- Born: Stanley Elphinstone Kerr March 30, 1894 Hopewell, New Jersey
- Died: December 14, 1976 (aged 82) Princeton, New Jersey
- Occupations: Humanitarian, clinical biochemist, educator
- Relatives: Malcolm H. Kerr (son); Steve Kerr (grandson);

= Stanley Kerr =

American physician (1894–1976)

Stanley Elphinstone Kerr (March 30, 1894 - December 14, 1976) was an American humanitarian, clinical biochemist and educator.

==Life and career==

Kerr was the son of a Presbyterian minister. A clinical biochemist at Walter Reed Hospital, he left the United States in 1919 to serve as a volunteer for Near East Relief, an American charity created to help the Armenians. Kerr began his service in Aleppo during an Armenian refugee crisis when many of the survivors of the Armenian genocide had escaped. He worked as a medical and sanitary officer who cared for the survivors of the march of refugees through the desert. He also worked to recover Armenian children from the Kurdish and Turkoman families into which they had been forced.

In 1921 Kerr and Elsa Reckman joined the staff of a Near East Relief orphanage for Armenian children at Nahr Ibrahim, Lebanon. One of the Armenian refugees was as a flower girl in their wedding in 1922. The orphanage was abandoned in 1923 due to a typhoid outbreak.

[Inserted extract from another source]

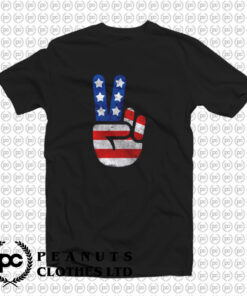 Usa Flag Peace Sign Victory Fingers Patriotic T Shirt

After Kerr earned his Ph.D. in biochemistry in 1925 from the University of Pennsylvania, he and Elsa returned to the Middle East where he accepted the position of chairman of the Department of Biochemistry at the American University of Beirut. Elsa Kerr also served on the AUB faculty as Dean of Women students. They had four children: Marion, Dorothy, Douglas, and Malcolm H. Kerr.

In 1965, following 40 years of faculty service, Kerr retired with the rank of Distinguished Professor. In recognition of his service, the Republic of Lebanon conferred upon him its Order of Merit and its National Order of the Cedar (Chevalier rank). He and Elsa retired to Princeton, New Jersey.

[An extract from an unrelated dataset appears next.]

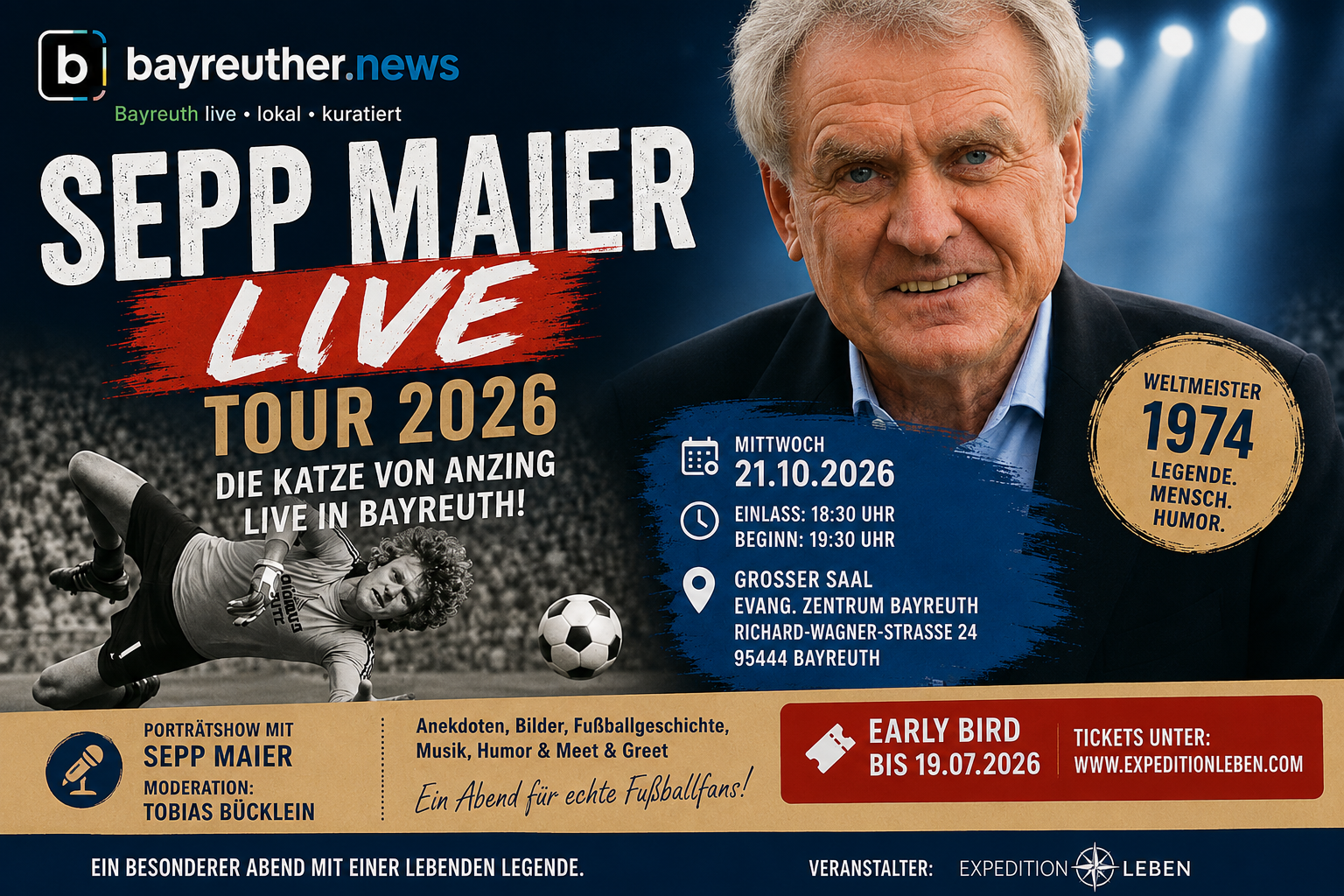 Sepp Maier kommt nach Bayreuth: Porträtshow mit der „Katze von Anzing"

Kerr published The Lions of Marash in 1973. Some have deemed that book as "practically required reading for Armenians" since it is a firsthand account of the massacre of the Armenian population in Western Armenia.

Kerr died in 1976. He was the father of Malcolm H. Kerr, former president of the American University of Beirut, and the grandfather of NBA player, general manager, broadcaster, and coach Steve Kerr.